Oxytocin has been called the cuddle drug. But its real benefit could help those with autism and other social behavior problems.
Oxytocin has been called the cuddle drug, the love drug and the trust drug, but there is much more to this. Oxytocin is a hormone naturally produced by our body. There are natural and synthetic versions you can buy with a prescription that have several medical uses that could help those with autism, Asperger’s, social behavior disorders and detect women who could be at risk for postpartum depression.
What Is Oxytocin
Oxytocin should not be confused with the prescription and often abused pain killer drug Oxycontin as they are quite different even though they sound similar.
Oxytocin is a hormone and a neurotransmitter in the brain that is released by the pituitary gland. During labor, oxytocin causes uterine contractions and also promotes lactation. Some women are given the synthetic version of oxytocin, Pitocin, to help speed up labor as the name oxytocin comes from Greek, meaning “quick birth”.

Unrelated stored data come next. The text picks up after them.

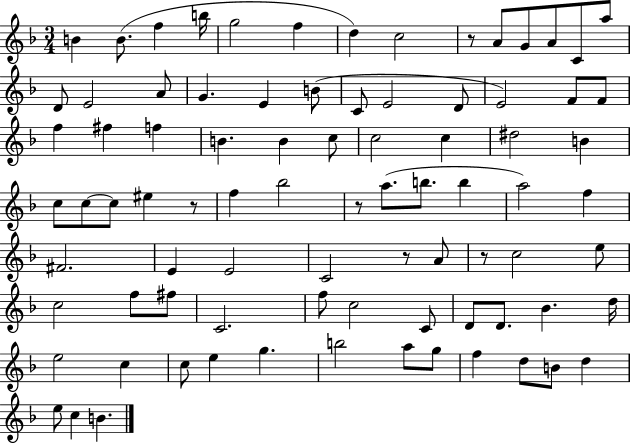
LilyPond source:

{
  \clef treble
  \numericTimeSignature
  \time 3/4
  \key f \major
  b'4 b'8.( f''4 b''16 | g''2 f''4 | d''4) c''2 | r8 a'8 g'8 a'8 c'8 a''8 | \break d'8 e'2 a'8 | g'4. e'4 b'8( | c'8 e'2 d'8 | e'2) f'8 f'8 | \break f''4 fis''4 f''4 | b'4. b'4 c''8 | c''2 c''4 | dis''2 b'4 | \break c''8 c''8~~ c''8 eis''4 r8 | f''4 bes''2 | r8 a''8.( b''8. b''4 | a''2) f''4 | \break fis'2. | e'4 e'2 | c'2 r8 a'8 | r8 c''2 e''8 | \break c''2 f''8 fis''8 | c'2. | f''8 c''2 c'8 | d'8 d'8. bes'4. d''16 | \break e''2 c''4 | c''8 e''4 g''4. | b''2 a''8 g''8 | f''4 d''8 b'8 d''4 | \break e''8 c''4 b'4. | \bar "|."
}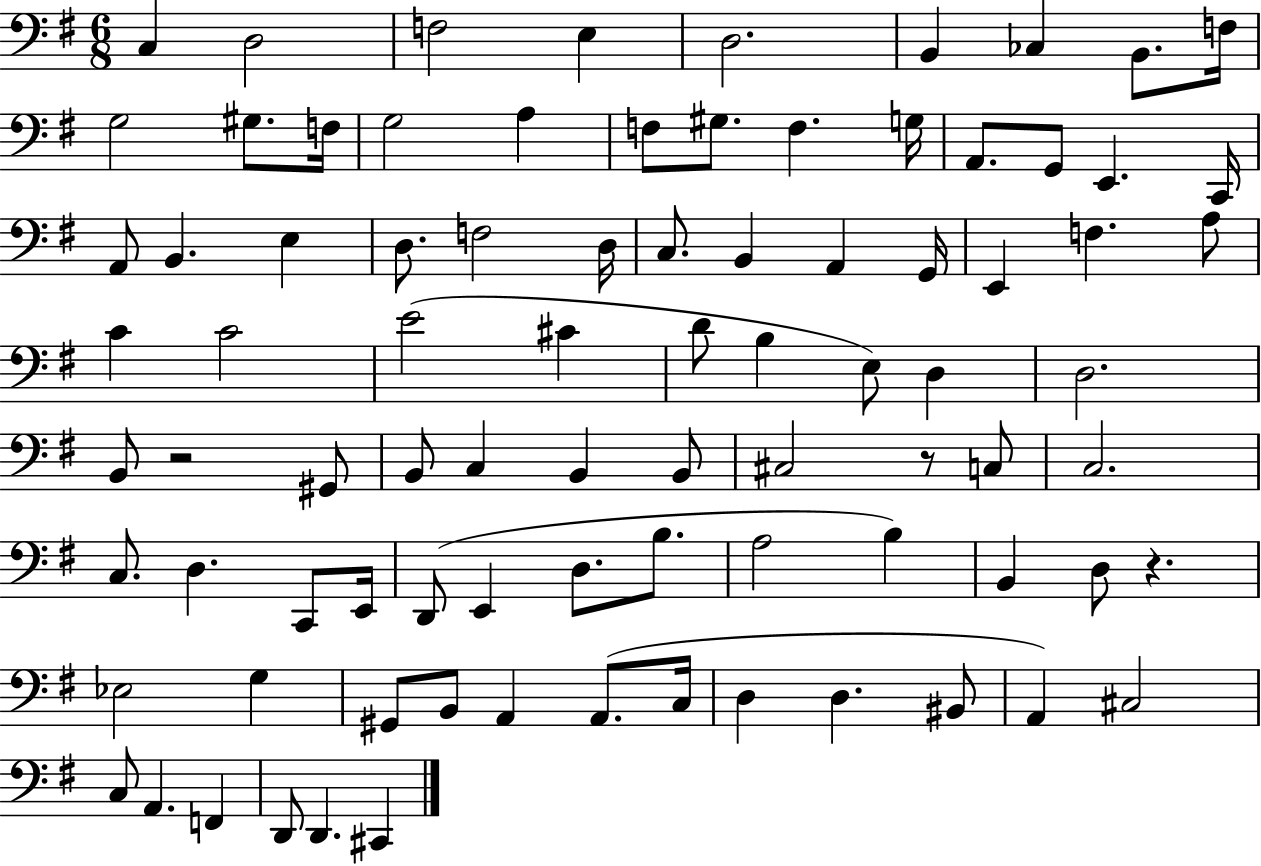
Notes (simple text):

C3/q D3/h F3/h E3/q D3/h. B2/q CES3/q B2/e. F3/s G3/h G#3/e. F3/s G3/h A3/q F3/e G#3/e. F3/q. G3/s A2/e. G2/e E2/q. C2/s A2/e B2/q. E3/q D3/e. F3/h D3/s C3/e. B2/q A2/q G2/s E2/q F3/q. A3/e C4/q C4/h E4/h C#4/q D4/e B3/q E3/e D3/q D3/h. B2/e R/h G#2/e B2/e C3/q B2/q B2/e C#3/h R/e C3/e C3/h. C3/e. D3/q. C2/e E2/s D2/e E2/q D3/e. B3/e. A3/h B3/q B2/q D3/e R/q. Eb3/h G3/q G#2/e B2/e A2/q A2/e. C3/s D3/q D3/q. BIS2/e A2/q C#3/h C3/e A2/q. F2/q D2/e D2/q. C#2/q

New studies during the past ten years have found that oxytocin produced in the brain can also be released during holding, touching and sex. Oxytocin is also involved with bonding and trust, which is why some call it the love drug or cuddle drug.
Oxytocin and Autism
Oxytocin has been studied for its relation to mother-infant bonding, social interaction and trust. Earlier studies found that those with autism had a deficiency of the oxytocin hormone in their blood. A study conducted at the Mount Sinai School of Medicine, had 15 adults diagnosed with autism or Asperger’s disorders take either oxytocin or a placebo to study pro-social behavior and processing social interactions and information.
The conclusion of the study found that oxytocin given to those with autism could improve pro-social behavior and help with processing social information, speech recognition and a reduction in repetitive behavior problems. The study gave oxytocin preliminary support for the use in treating those with autism and other social behavior disorders .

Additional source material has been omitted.